The Fresno City Attorney’s office, the prosecuting team, still has a chance to appeal the judge’s ruling. Even if this case passes them by, however, another trial could come in the future, as the ordinance still exists with no signs of repeal in sight.

Attorney Kevin Little, who represented Two Hands during the trial said after the case was dismissed, “if the city is never going to actually seek to take these cases to trial, then that just begs the question: Why do we have this stupid ordinance in the first place?”

The region has not seen an updated homeless count in nearly two years, but they’ll get an updated number following the release of this year’s Point-in-Time Count — a federally mandated practice used to count a local homeless population.

“There is a level of decency that we must treat (the homeless) with, but we must also not give up on them so much that we refuse to have any expectations for them as a fellow human being,” Arias said. “I think too many people have confused helping with enabling somebody to continue in a downward trajectory.”

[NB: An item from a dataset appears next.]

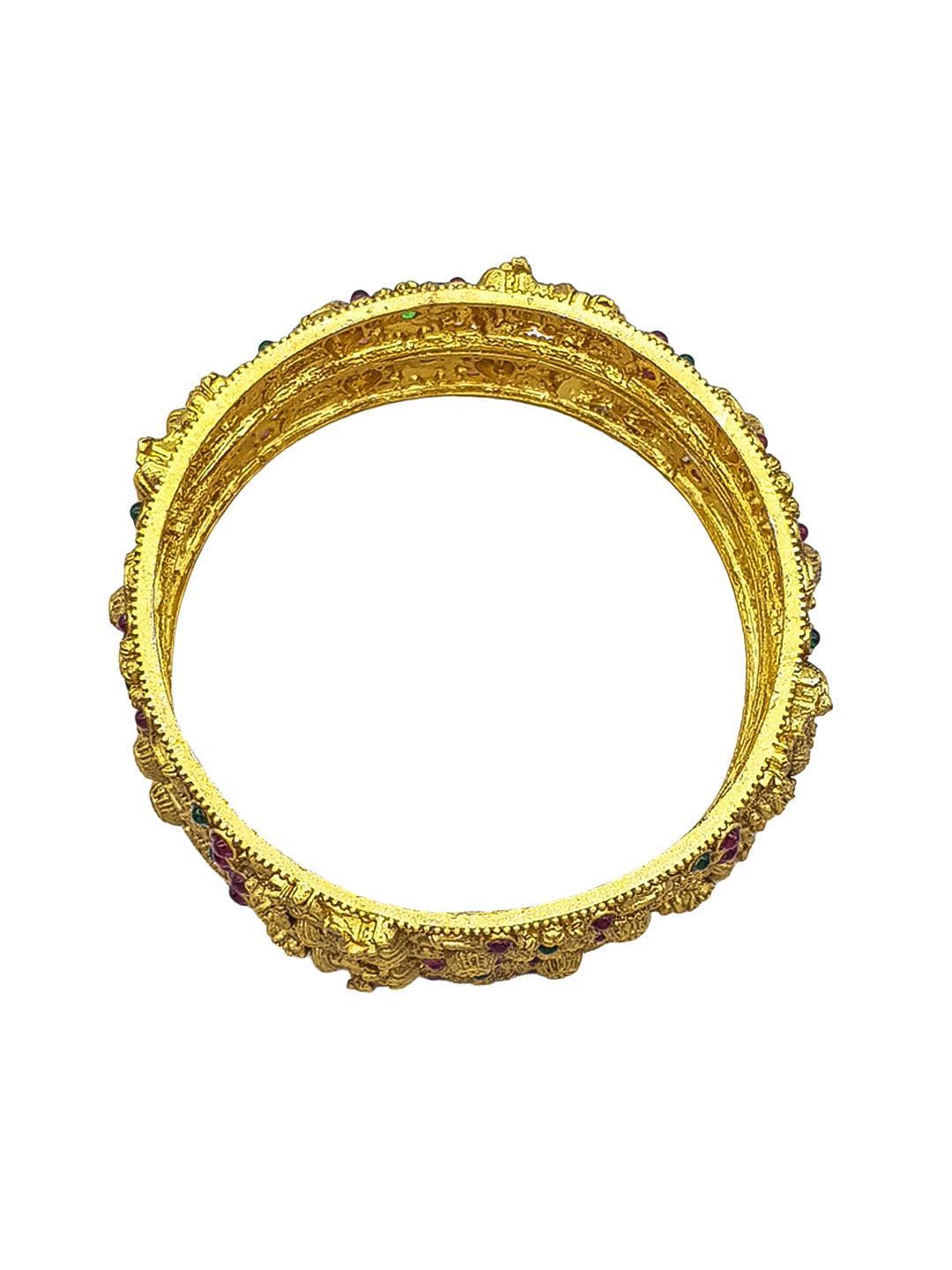 Gold Plated Studded Set of 2 bangles - Griiham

Fresno’s anti-camping may also hit another roadblock through state intervention. The California legislature is currently set to introduce SB634 – a state bill that, if passed, could essentially void the city’s anti-camping law.

The bill, authored by Democratic state Sen. Sasha Renee Perez, would stop local jurisdictions from adopting or enforcing local ordinances that “imposes civil or criminal penalties on a person who is homeless for any act immediately related to homelessness or any act related to basic survival, or on a person who is assisting a person who is homeless with any act related to basic survival.”

The bill is scheduled to be heard later this month. Should the proposed law gain enough traction to pass, jurisdictions like Fresno may be forced to go back to square one, and businesses may be asked to navigate the challenges they once thought were left in the past.